## Your assignment:
In the records below, take the line with "Zdjęcie 12 z" and all lines after it, and copy them exactly, pictures excluded.

***

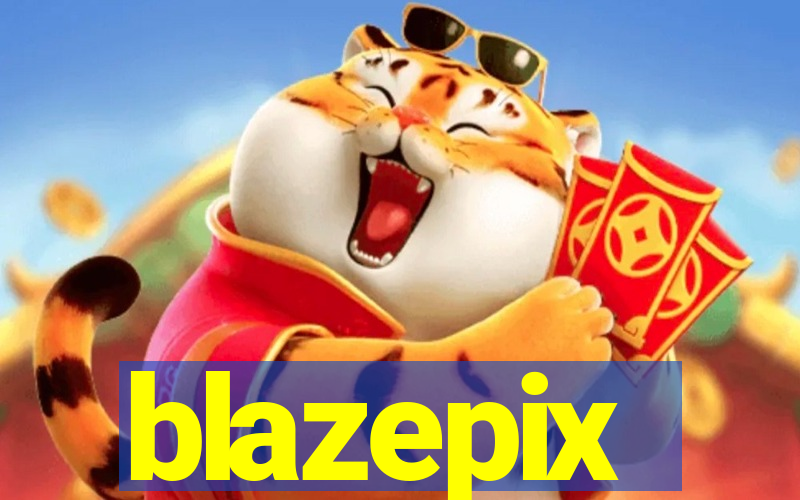 blazepix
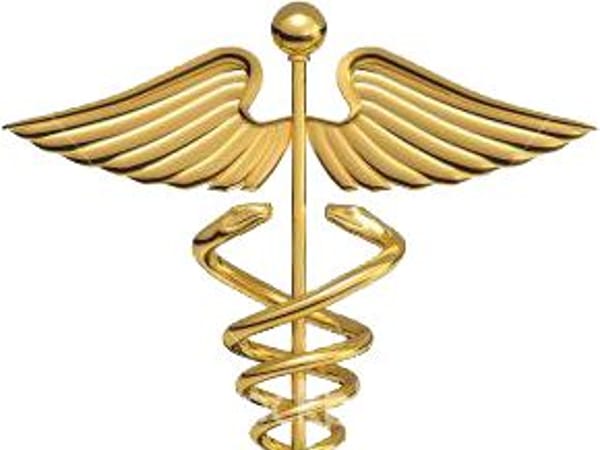 Emily Pompei Medical Intuitive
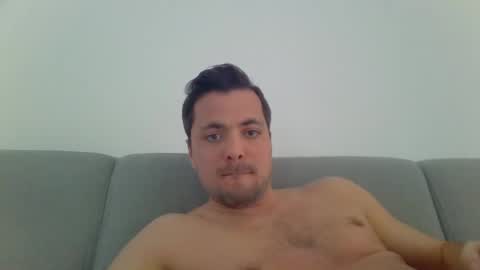 Snapshot of 69baby69baby chatting on March 7, 1:51 pm 69baby69baby online show from March 7, 1:51 pm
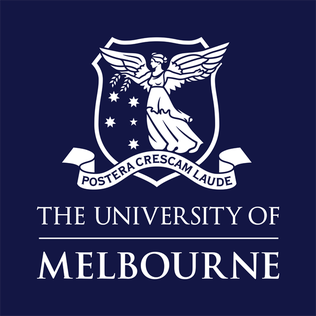 The_University_of_Melbourne_Logo.png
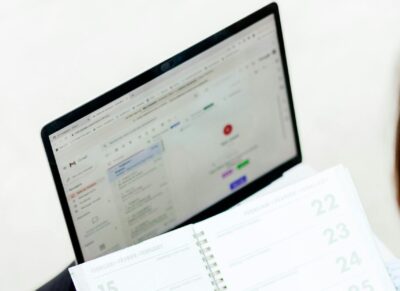 Personal branding pour avocat indépendant : affirmer sa singularité et gagner en lisibilité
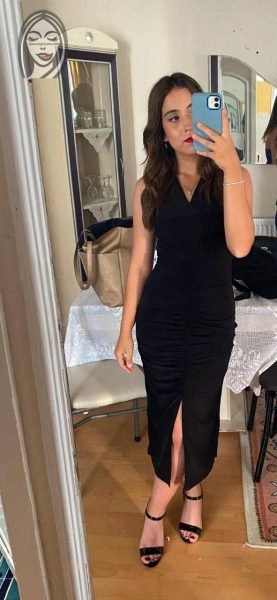 Gavat Eleman Karısını Çekip Paylaşmış Türk ifşa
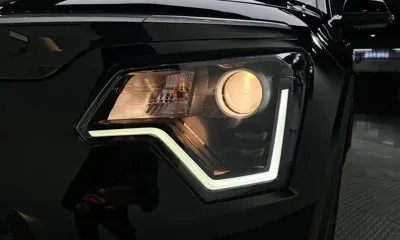 Kia Niro 2024, 7276 км, за 29600000 KRW - фото 22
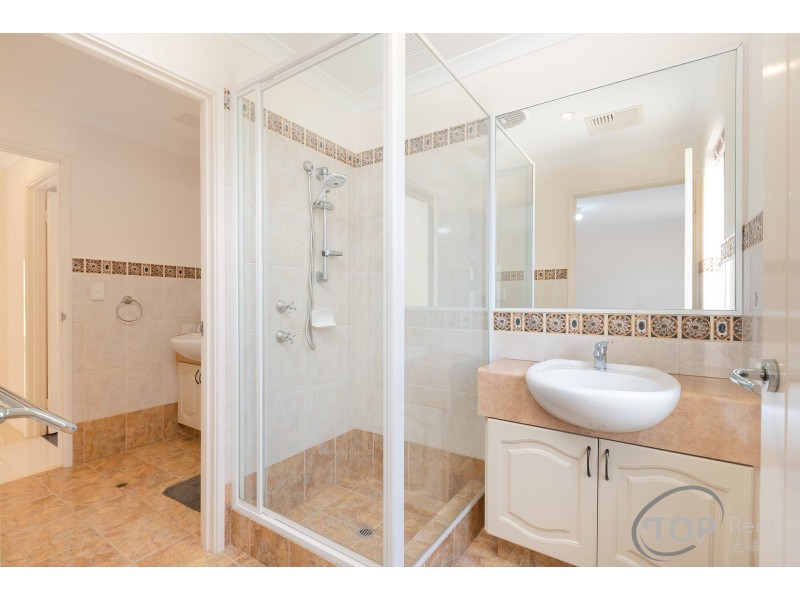 38 Camm Avenue, Bull Creek WA 6149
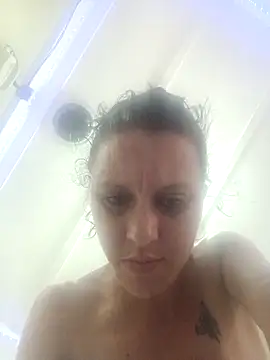 05cockmaster10 online show from December 3, 2025, 10:31 pm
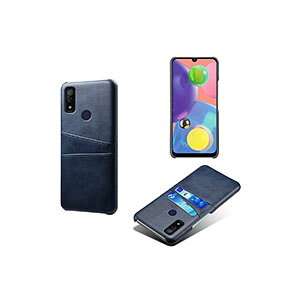 FCNT Arrows We2 FCG02 F-52E �P�[�X �X�}�[�g�t�H�� �ی�P�[�X ����ق��肩���� �w�ʃJ�o�[ �J�[�h���[ CASE PU ���U�[ �ϏՌ� ������� �Ռ��ɋ��� �J�b�R���� ������� �l�C �w�ʃJ�o�[ �����K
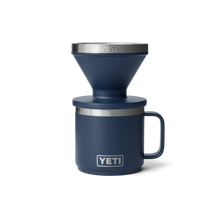 Yeti - Rambler Pour Over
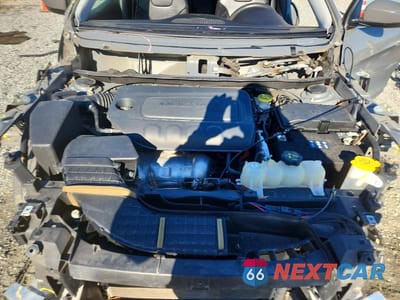 Zdjęcie 12 z 14 samochodu: 2020 JEEP CHEROKEE LATITUDE PLUS VIN:1C4PJLLB0LD634125 - miniatura
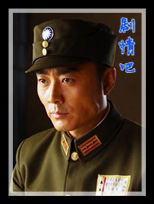 ս�ػ�����Ա��_ȫ����Ա�������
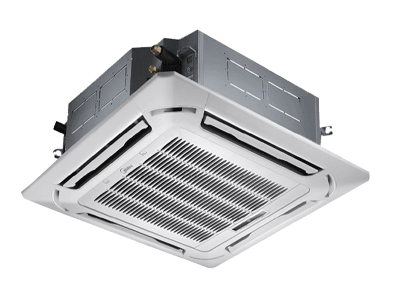 midea-inverter-cassette-ac-dealers-chennai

***

## Task answer:
 Zdjęcie 12 z 14 samochodu: 2020 JEEP CHEROKEE LATITUDE PLUS VIN:1C4PJLLB0LD634125 - miniatura
 ս�ػ�����Ա��_ȫ����Ա�������
 midea-inverter-cassette-ac-dealers-chennai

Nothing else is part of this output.